Malaysian-owned Petronas, which has a 25 per cent interest in the $40-billion LNG Canada project, has been curtailing production by between 50 and 200 million cubic feet per day from wells in northeastern B.C. capable of producing 700 million cf/d, the CEO of its Canadian branch says.
The practice is one being adopted by a growing number of western Canadian producers to avoid selling their natural gas at prices that often don’t even cover the cost of pipeline transportation.
“We talk a lot about oil infrastructure,” said CEO Mark Fitzgerald of Petronas Energy Canada Ltd. in an interview, referring to oil price discounts in Western Canada blamed on full crude pipelines.
“Gas is trapped as well and if you compare the prices that Canadian gas producers are receiving against our U.S. peers, the differentials are significant and costing us a significant amount of money.”
The company invested heavily in natural gas exploration in northeastern B.C. from 2012 to 2016, employing more than 25 drilling rigs at peak times to prove the resource potential as part of its longer-term plan to build a liquefied natural gas export terminal. It is running only one rig now, Fitzgerald said.
Petronas backed out of its $36-billion Pacific NorthWest LNG project in 2017, but joined the LNG Canada partnership led by Royal Dutch Shell last May.
The partners agreed to go ahead with their project this fall, but it isn’t expected to be ready to begin supercooling natural gas and shipping it out until late 2023 or early 2024.
Ian Archer, an associate director with IHS Markit, said Western Canada’s gas industry was stable from 2000 to 2008, with production of about 16 billion cf/d and prices of around $10 per gigajoule, but that changed when new drilling and well completion technologies emerged that allowed the U.S. to dramatically grow shale gas production.

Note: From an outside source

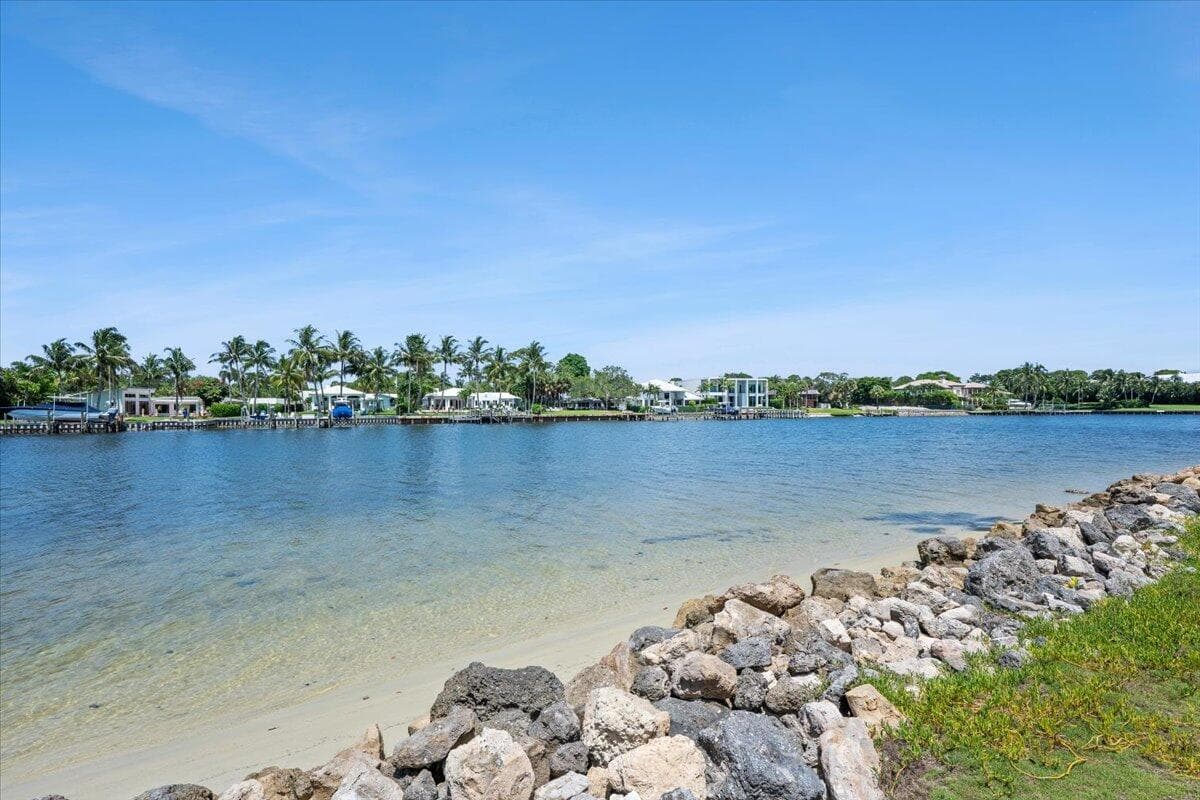 2001 Marina Isle Way 405, Jupiter, FL 33477 26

Cheaper U.S. gas began displacing western Canadian gas in markets like California, Eastern Canada and New York, and the price in Western Canada dropped by half, with production falling to around 13 billion cf/d by 2012, he said.
The trend worsened when the new drilling technologies began to be used in northeastern B.C. and northwestern Alberta to produce light oil products like condensate, which is in demand as a diluent to mix with raw bitumen from the oilsands to allow it to flow in a pipeline.
Condensate wells also typically contain high levels of natural gas and the boost in gas production back to over 16 billion cf/d has overwhelmed pipeline capacity and dropped gas prices this year to a projected $1.43 per gigajoule, about one-third of the price in 2014, said Archer.
Meanwhile, the U.S. benchmark Henry Hub spot price is forecast to average US$3.17 per GJ in 2018 (about C$4.12), according to the U.S. Energy Information Administration.
Pipeline companies are spending billions of dollars to expand their gas systems in B.C. and Alberta, which will improve market access, but it’s difficult to see where the gas can be sent to win better prices, Archer said.
LNG Canada’s first phase is expected to require about two billion cf/d of gas to produce about 14 million tonnes per year of LNG, but most of that gas is expected to come from the partners, so a big price improvement isn’t expected, he said.